Friday, September 21, 2018

Review of 'My Cat Yugoslavia'

Strange and not entirely satisfying. A young Kosovan man who is a refugee in Finland, and is gay but not entirely comfortable about it, lives on his own, but has a pet boa constrictor for company. And then he meets a talking cat at a gay bar (the cat is sort of homophobic, but the young man and the cat seem to have sex, though it's hard to be sure), and the cat moves in with him.

There is a parallel narrative about his mother as a young girl in Kosovo, in a very traditional patriarchal and conservative community. The Kosovans all love Tito but socialism doesn't seem to have had much impact on their way of life or material well-being. It all goes horribly wrong, first for the young girl and then for Yugoslavia and Kosovo.
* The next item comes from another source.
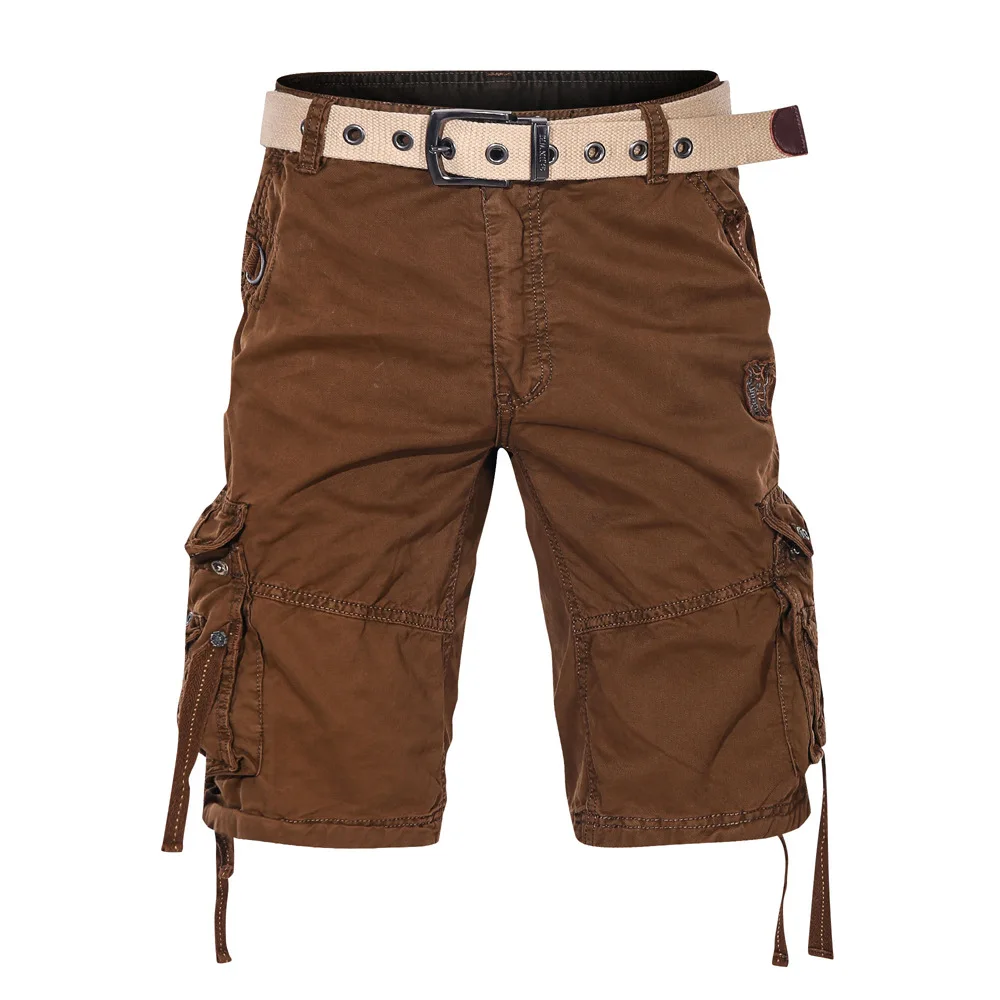 

Men's Multi-Pocket Loose Five-Point Pants 2021 Summer New Men's Overalls Straight Large Size Wash Back Casual Shorts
The family flee to Finland, where her horrible husband is even more bitter and unpleasant to his wife and children, who eventually run away from home...so that one of them can become the young man of the other narrative.

The cat becomes progressively more unpleasant as a lover and house guest, and the young man becomes pitifully and slavishly devoted to him, echoing the way his mother was like a slave to his brutal and nasty father. And then, on a trip to Kosovo to visit his grandparents, the cat just vanishes, and doesn't reappear in the story, or even the young man's thoughts. And then he has to kill his snake, which he sometimes loves.

What does it all mean? I haven't the faintest idea. It might be allegorical, but I didn't get the allegory. It's well written, but disturbing and sort of empty at the same time.